Using Postgres and TimescaleDB with Node.js series: Part 2

Author: David Fekke

Published: 6/11/2021

This is part two of a three part series on using Postgres DB with Node.js.

Read part one here.

In the first part of this series I wrote about how to get an instance of Postgres or TimescaleDB running and communicating with Node.js. In this post we will describe how tables and indexes are used to store and query data. We will also cover DDL, DML and DQL SQL statements.

Tables and Indexes

Relational database software is composed of specific database objects such as tables and indexes. Some systems also have objects like sequences. This will depend on the vendor.

Tables are used to store your raw data. Tables are composed of columns and rows.
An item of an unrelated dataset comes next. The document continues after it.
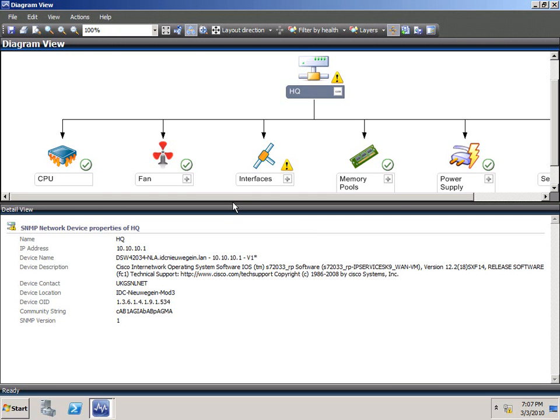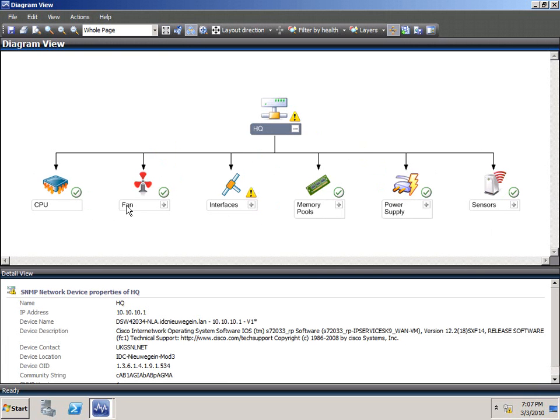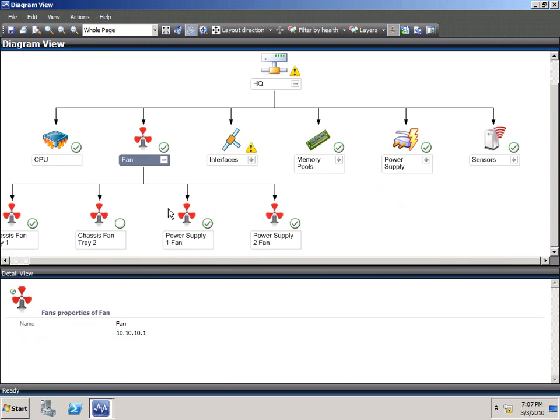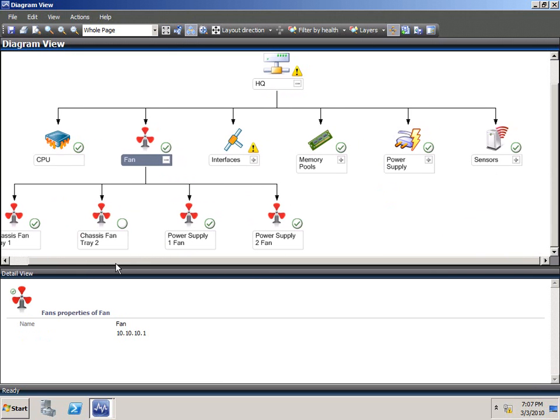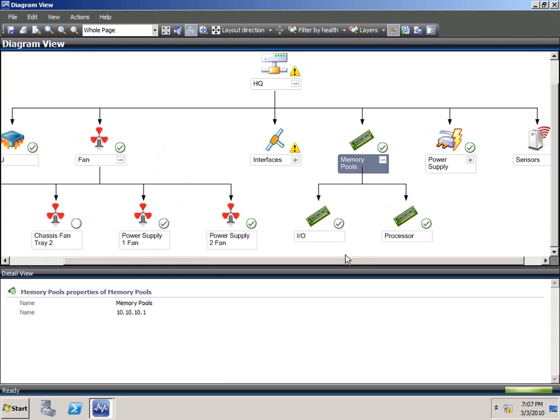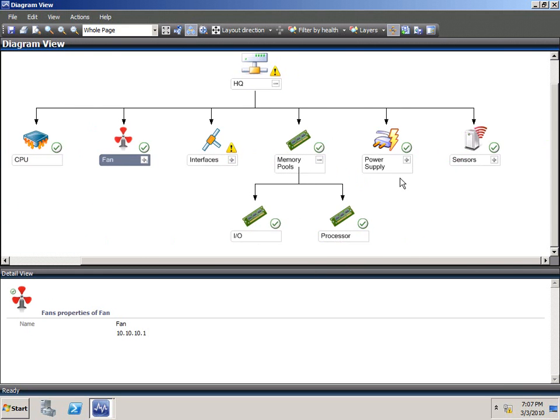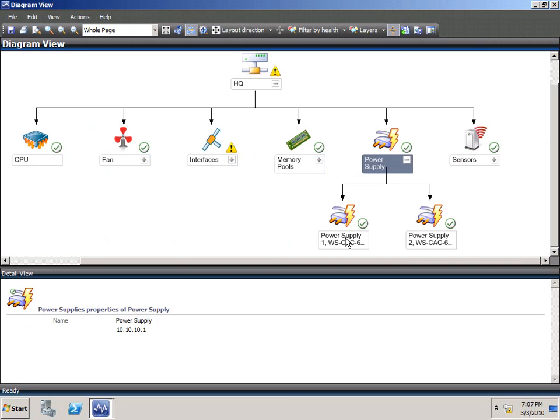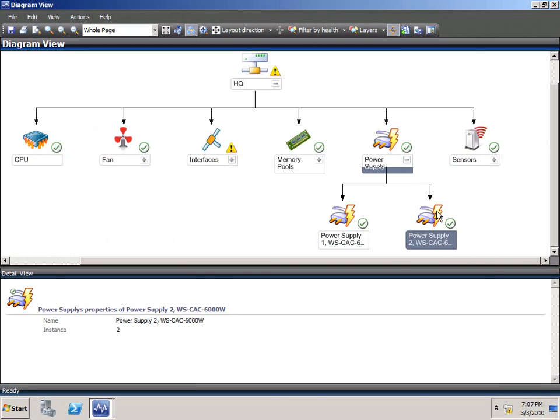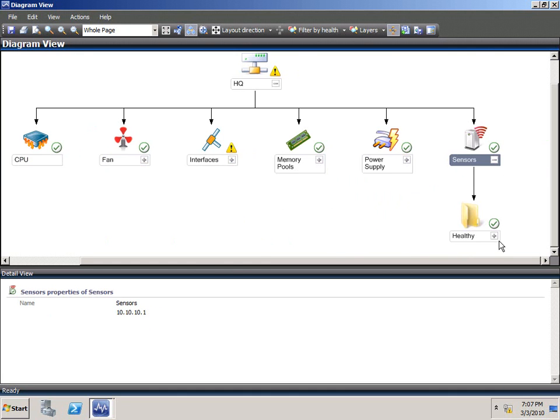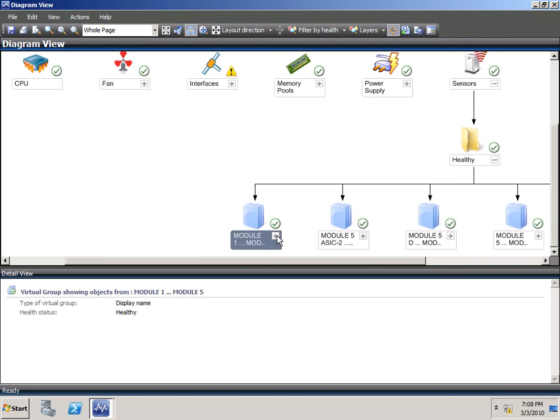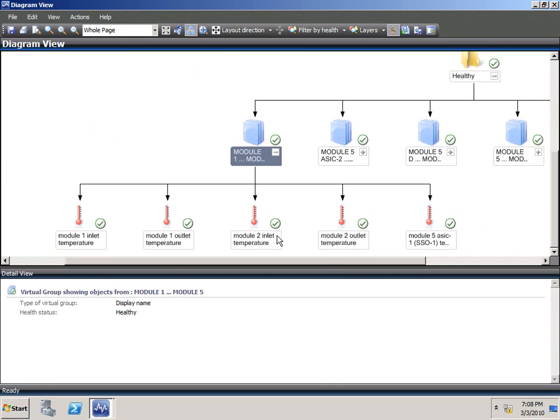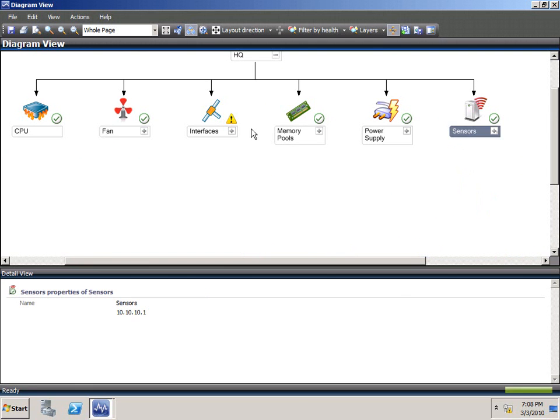And as you can see, you can get the graphical representation. And if we resize this a bit, you see the category CPU fan, you can expand that and see that it found two chassis fans and two power supply fans with different statuses. It found things like memory pools, the IO, the processor memory pool. It found the power supplies, two redundant power supplies, and the sensors. It found a lot of the sensors. It's a big chassis. It found things like inlet temperature, output temperature for module one, module two, and so forth.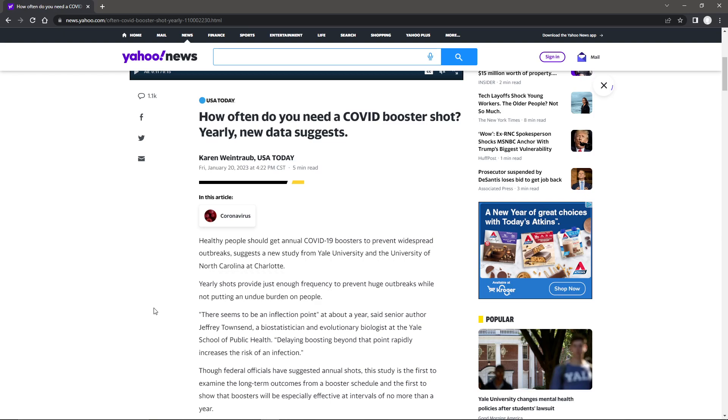Grid 7, and here we have it. How often do you need a COVID booster shot?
You will use columns to store individual fields in your table, while rows are used to store entire records.

table

Defining Tables

Creating tables is fairly simple. This can be done with a CREATE TABLE statement. This kind of query is considered part of the Data Definition Language or DDL for short.

Lets’ say we wanted to create a table for storing persons. We would probably need to have columns for the person’s name, the date the record was created and some sort of record identifier or id. We could create a table like this with the following statement in Postgres;

CREATE TABLE person (
    id SERIAL PRIMARY KEY,
    firstname TEXT NOT NULL,
    lastname TEXT NOT NULL,
    createdate TIMESTAMP DEFAULT NOW() NOT NULL,
    active BOOLEAN DEFAULT TRUE NOT NULL
);

In the table we just created we have a column we defined as id which will be the primary key for our table. The primary key is the way we can uniquely identify a specific record in our table. In the example above we have given it a type of SERIAL which tells Postgres to autogenerate a new value every time we create a new record. Internally this value is stored as an INTEGER.

For the firstname and lastname we created TEXT columns. The TEXT type can represent any varying sized text data in that column. Most database systems allow the developer to limit the size of these columns using a VARCHAR type. So if we only want to allow the column to store a maximum of 30 characters, we can express that by defining a VARCHAR(30).

Most of the columns in our table end with a NOT NULL. This tells Postgres that we will not allow a record to be added to our table unless it has a non-null value for that column. We could also have specified NULL. This will allow the column to store NULL values.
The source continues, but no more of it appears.